Ancak kendinizi bir hiç olarak görüyorsanız, benim iki bacağım ve iki kolum yerinde; Pavey’in ise bir kolu ve bacağı eksik mukayesesi yapabilir ve benim iki kolum ve iki bacağımdan başka bir şeyim yok hezeyanına kapılabilirsiniz. Güney Kıbrıs’ın uluslararası kredi notları düşerken, sizin uluslararası arenada, Türkiye de dahil, herhangi bir tanınmışlığınız dahi yoksa ve komşunuzun iktisadi sıkıntısı ile dalga geçebiliyorsanız, onun karşısında varlığınızı oldukça eksik hissettiğinizdendir.

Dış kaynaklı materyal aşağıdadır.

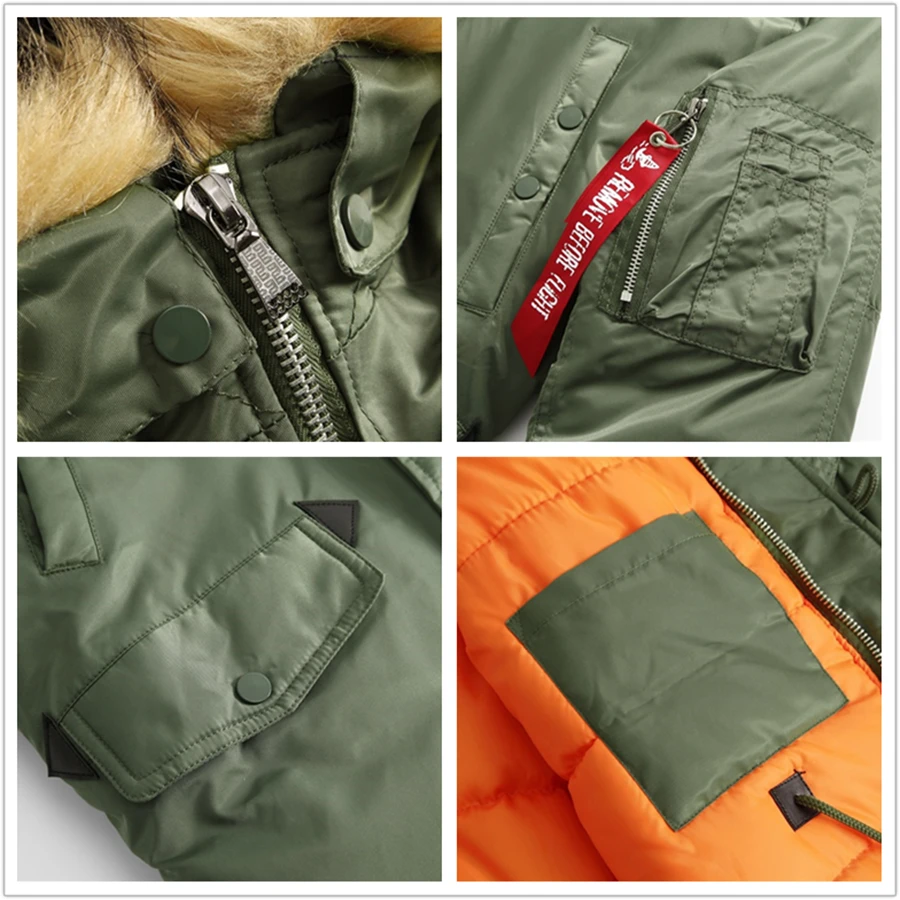 N-3B зимнее пальто для мужчин меховой капюшон Slim Fit Толстая парка с подкладкой военная куртка для холодной погоды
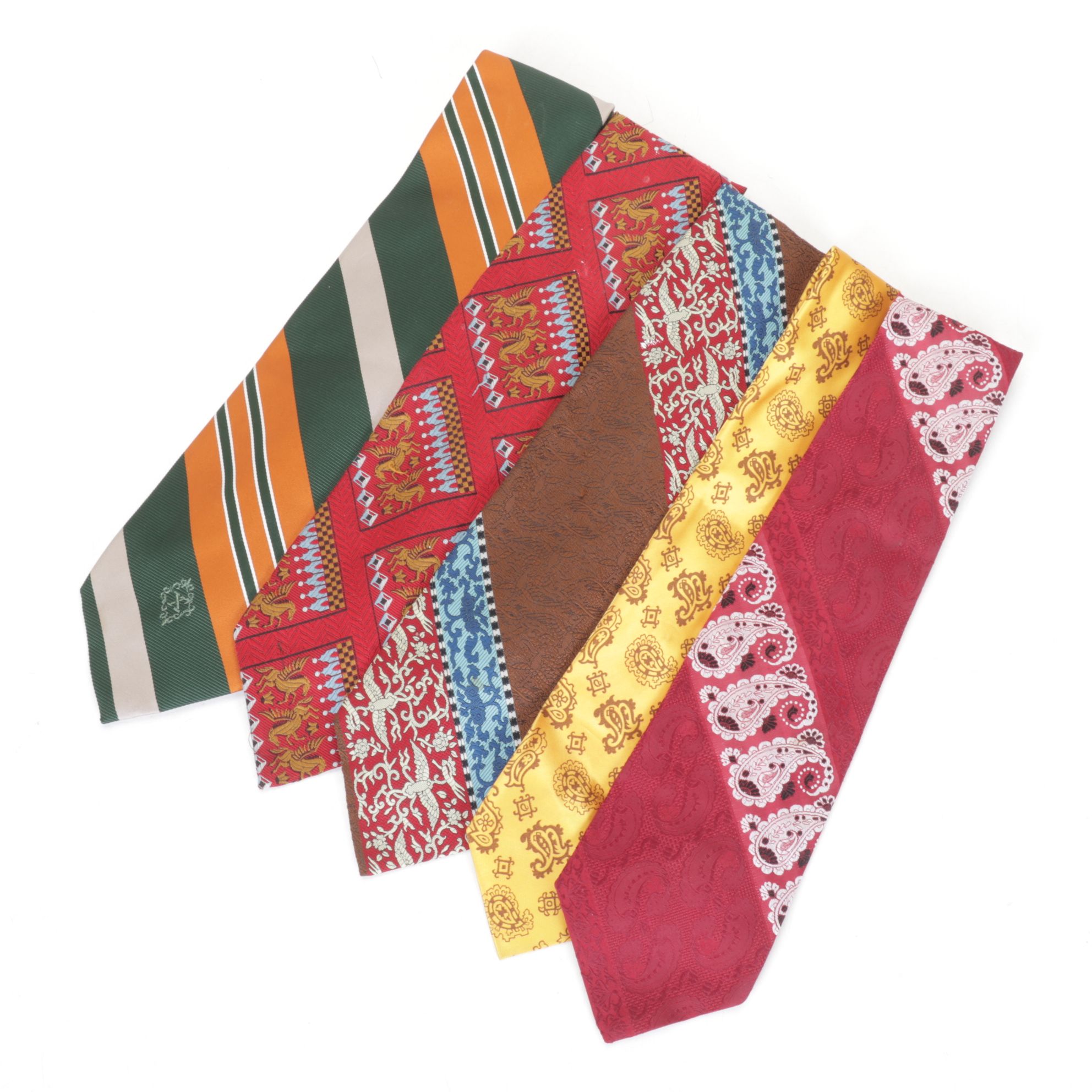 "Royal Rogue" with X'Andrini Green & Orange Stripes, Paisley & More Neckties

Eksiklik/açlık ve tamlık/tokluk insana yaşam enerjisi veren temel duygulardandır. Eksiklerimizi kapatarak, tam olmaya çabalarız durmadan. Acıkırız, dürtümüzü doyurmak isteriz. Uykumuz gelir, dinlenerek zindeliğe ulaşmak, ilk hedefimizdir. Ben açım ama o benden daha aç kıyası ile hayat matematiğini ters orantılarla çarpıp bölmek üzerine kuranlar, başkalarının eksiklikleri ile tamlık duygusuna erişmeye çabalasalar da, kendi açlıklarını doyuramazlar. Açsan açsındır ve kendini kiminle karşılaştırırsan karşılaştır, tokluk duygusuna aç olduğun sürece ulaşamayacaksındır.
Ruhu aç, tamahkar insanlarla ve ruhu tok ve tatminkar insanlar arasında mücadelenin insanlık var oldukça süreceğinin bir başka delilidir bu... Şafak Pavey bir bacağını ve bir kolunu kaybetmekle birlikte, büyük başarılara adını veren, ‘her düşüşten bir kazançla çıkıldığı’nı düşünen bir kadın olarak; Melik Birgin ise iki bacak ve iki kol sahibi olmakla beraber, dönüp başkasının eksiği ile ruhsal açlığını doyurmaya çalışan ve tepkiler yükselince AK Parti yönetimi tarafından partiden ihraç edileceği duyurulan biri olarak anılacak.
Güney Kıbrıs bugünleri de aşar. Komşunun eksiği üzerinden tamlık duygusu yaşamaya çabalayanlarsa yarın daha büyük bir açlık içinde kalabilirler. Ders olsun!